Впрочем, негативных эмоций в Сергее эта прическа не вызывала. Скорее, наоборот: благодаря ей он испытывал к жене еще более нежные чувства, как к вечному ребенку. Иногда он представлял, как было бы забавно, если бы в таком виде ее увидели на работе, и весело улыбался своим мыслям: строгая начальница в образе ощипанного воробья!

Он знал, что Иришка у него самая разумная, самая образованная, что справится с любым, самым трудным заданием. Знал, и гордился этим, но все-таки никак не мог представить ее в роли строгого заместителя генерального директора строительного треста.

Какая же она строгая? Какая же она заместитель директора? Ведь это просто его жена. Его Иришка. Его милый, невзрослеющий ребенок.

***

– Он любил меня, – всхлипнула Ира, но тут же взяла себя в руки – не хватало еще расплакаться перед незнакомым человеком!

– Любил… Я всегда чувствовала его любовь. Но, знаете, мне мало было ее чувствовать. Мне хотелось слышать. И слушать.

Собеседница понятливо закивала, и Ира, приободрившись, продолжила с еще большим воодушевлением:

– Может, со мной что-то не так, а может, все женщины такие.
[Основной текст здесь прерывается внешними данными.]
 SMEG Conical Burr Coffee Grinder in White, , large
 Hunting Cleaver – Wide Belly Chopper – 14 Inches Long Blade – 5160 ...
Я часто спрашивала, любит ли он меня. Он неизменно отвечал: 'Конечно', но этого было мало. Даже наоборот – это было в некотором роде оскорбительно. Я хотела искренности, а это его 'Конечно' звучало как-то не то что неубедительно, а… Без огня. Без искры. Вроде я его на люстру подвесила и пытаю, а он вынужденно соглашается.